**Aim of the exercise**
Your answer must consist only of the lines from the start of the entries through the line that holds "Wait for more", copied exactly, with no pictures.

**Dataset records**

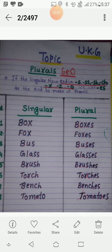Good morning children, today we are going to continue plurals that end with ES. We will identify words that end with S, SS, SH, CH, X, Z, O.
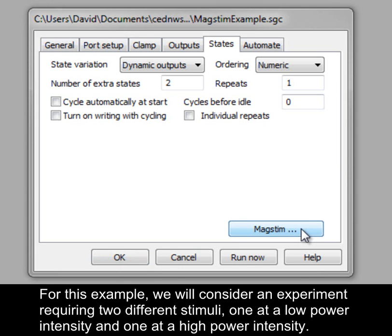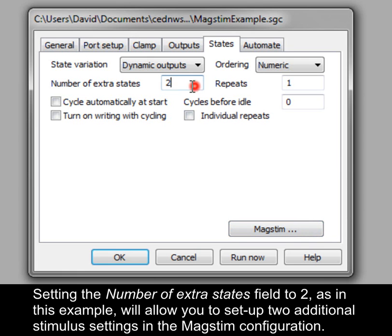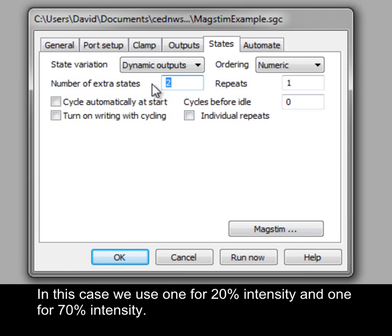For this example, we will consider an experiment requiring two different stimuli: one at a low power intensity and one at a high power intensity. Setting the number of extra states field to 2, as in this example, will allow you to set up two additional stimulus settings in the MagStim configuration. In this case, we use one for 20% intensity and one for 70% intensity.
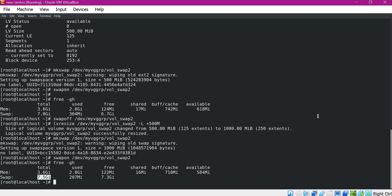This way we can extend an existing swap by extending the corresponding logical volume size. In this video we have seen what is the swap area and how to create or extend the swap area in Linux. I hope this video is helpful. Please like, share and subscribe. Thanks a lot for watching.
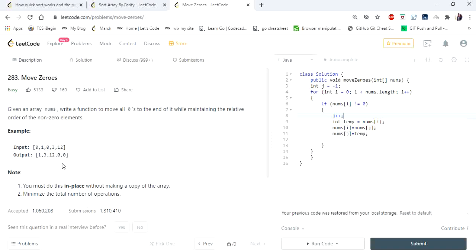Wait for more videos with the same logic where we can solve even tougher problems using quicksort. If you like the video, hit like and subscribe. Thanks for watching!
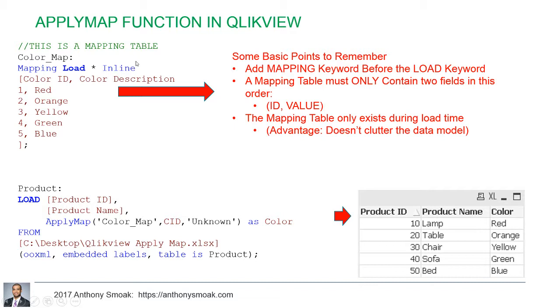So again, if we were to look at this in QlikView, this is what your mapping table would look like. Again, mapping load, color ID, color description, red, orange, yellow, green, blue, one, two, three, four, five. You've got to have the ID and value in that order.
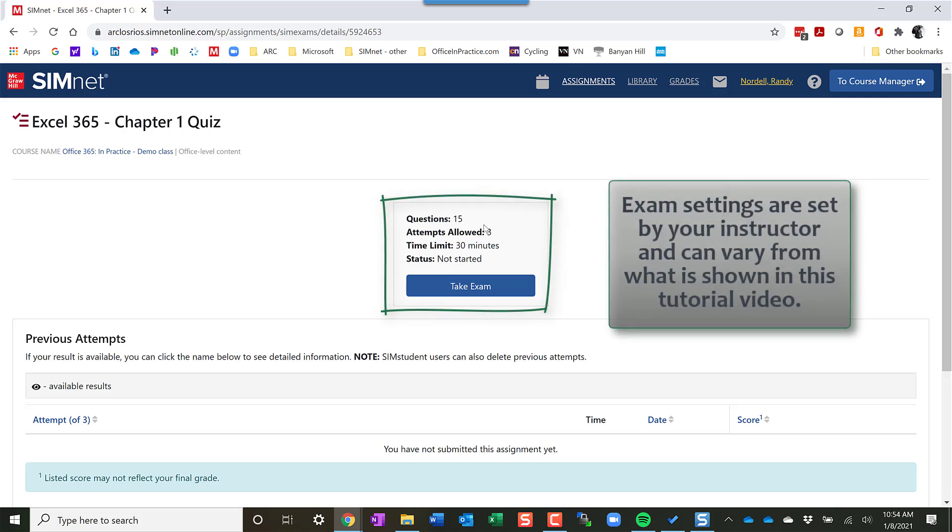So how many questions, how many attempts are allowed, what the time limit is. If you've had previous attempts, it will show it down here.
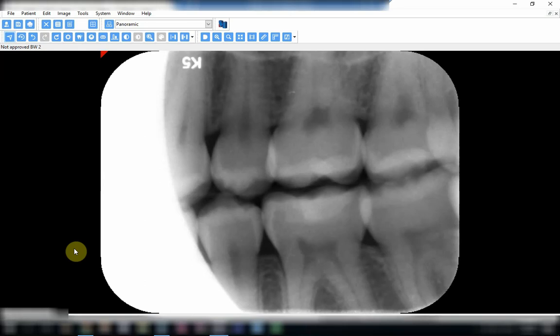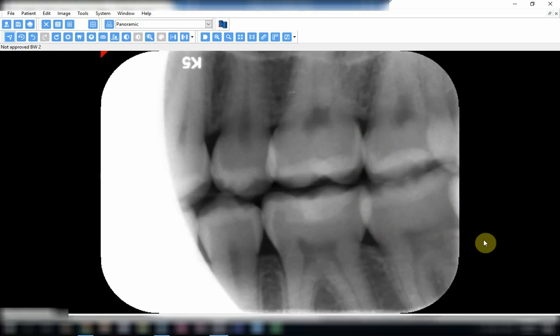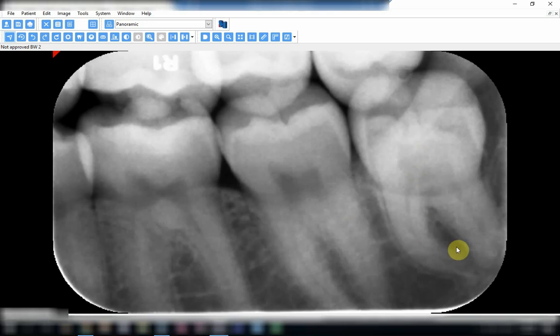The second mistake is the incorrect horizontal angulation. If you see this area, you can see overlapping margins of the teeth one over the other. In some areas it's almost okay, but in other areas it is completely inaccurate — there is clear overlapping of margins. This results from the incorrect horizontal angulation; the cone was not oriented properly so the x-ray would pass in between the teeth.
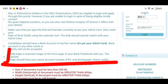Kindly keep a scanned image of the front page of your passbook with you. The scanned image should have your name, account number, IFSC code, and photograph clearly visible. Make sure your passbook, account number, IFSC code, and photo are all clearly visible in the document before uploading.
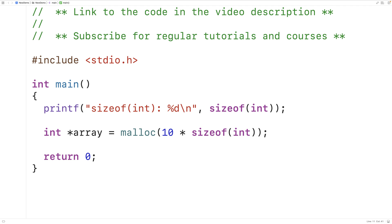Now there are some interesting things we should know about the sizeof operator. Technically sizeof does not have the return type int — its return type is actually size_t. size_t is a special type in C that stores unsigned integers, so sizeof will never return a negative integer; it will only ever return non-negative integers. size_t has a greater range of values than int and can store larger integers than int.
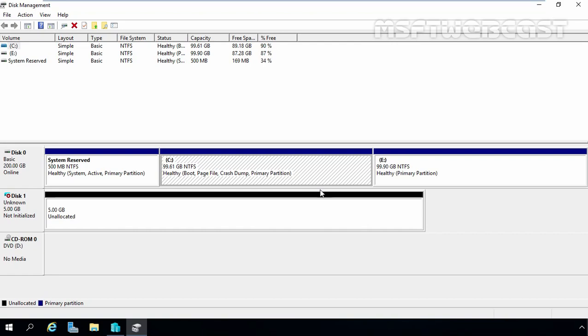That concludes video demonstration on how to create and manage fixed size virtual hard disk in Hyper-V 2016. Thank you all for watching this video.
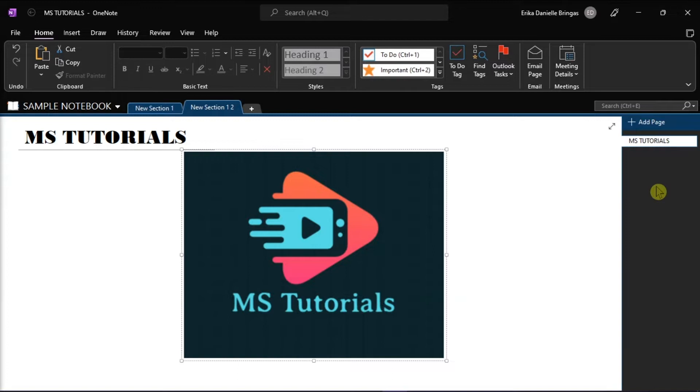When opening your laptop, your OneNote might be included to launch automatically on the startup program. If you're looking for a way to disable this option, kindly follow these next steps in this video tutorial.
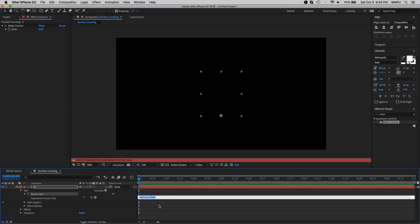Type the expression math dot round open bracket close bracket. I have put this expression below in the comment section. When you're done with the expression, your mouse pointer should be in the middle of the bracket, just like that.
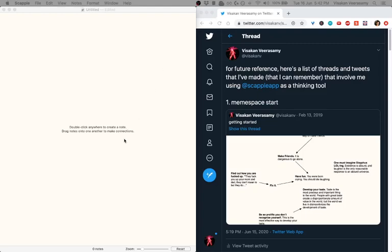Hey everyone, I'm Visa, this is me and this is gonna be a kind of walkthrough of how I use Scapple app.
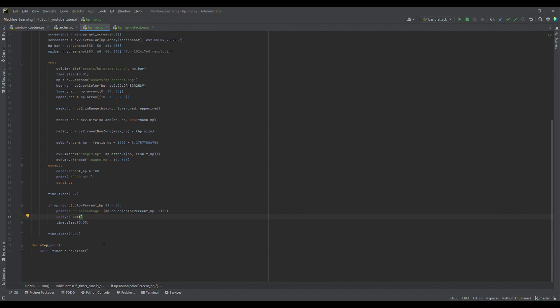If the health drops below 50%, the script will automatically use a health potion. If the health percentage falls below the threshold, a key press is triggered to restore health. Now let's run the script and see it in action. Watch as the script automatically detects low health and uses potions at the right time.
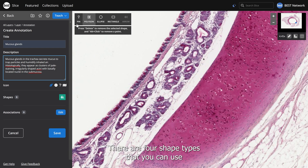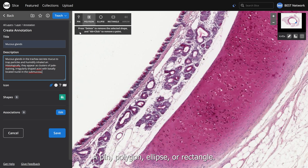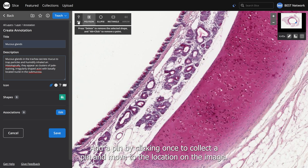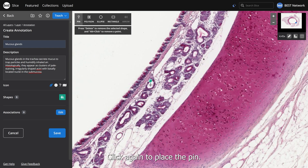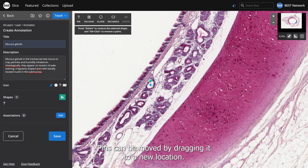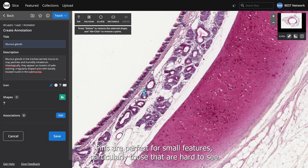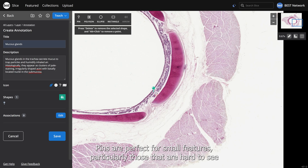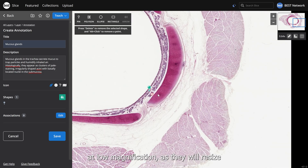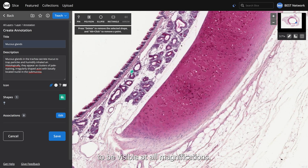There are four shape types you can use to mark out the feature's location on the slide: a pin, polygon, ellipse, or rectangle. Add a pin by clicking once to collect a pin and move to the location on the image, then click again to place it. Pins can be moved by dragging to a new location. Pins are perfect for small features, particularly those hard to see at low magnification, as they will resize to be visible at all magnifications.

**Answer**
Good morning children, today we are going to continue plurals that end with ES. We will identify words that end with S, SS, SH, CH, X, Z, O.
For this example, we will consider an experiment requiring two different stimuli: one at a low power intensity and one at a high power intensity. Setting the number of extra states field to 2, as in this example, will allow you to set up two additional stimulus settings in the MagStim configuration. In this case, we use one for 20% intensity and one for 70% intensity.
This way we can extend an existing swap by extending the corresponding logical volume size. In this video we have seen what is the swap area and how to create or extend the swap area in Linux. I hope this video is helpful. Please like, share and subscribe. Thanks a lot for watching.
Wait for more videos with the same logic where we can solve even tougher problems using quicksort. If you like the video, hit like and subscribe. Thanks for watching!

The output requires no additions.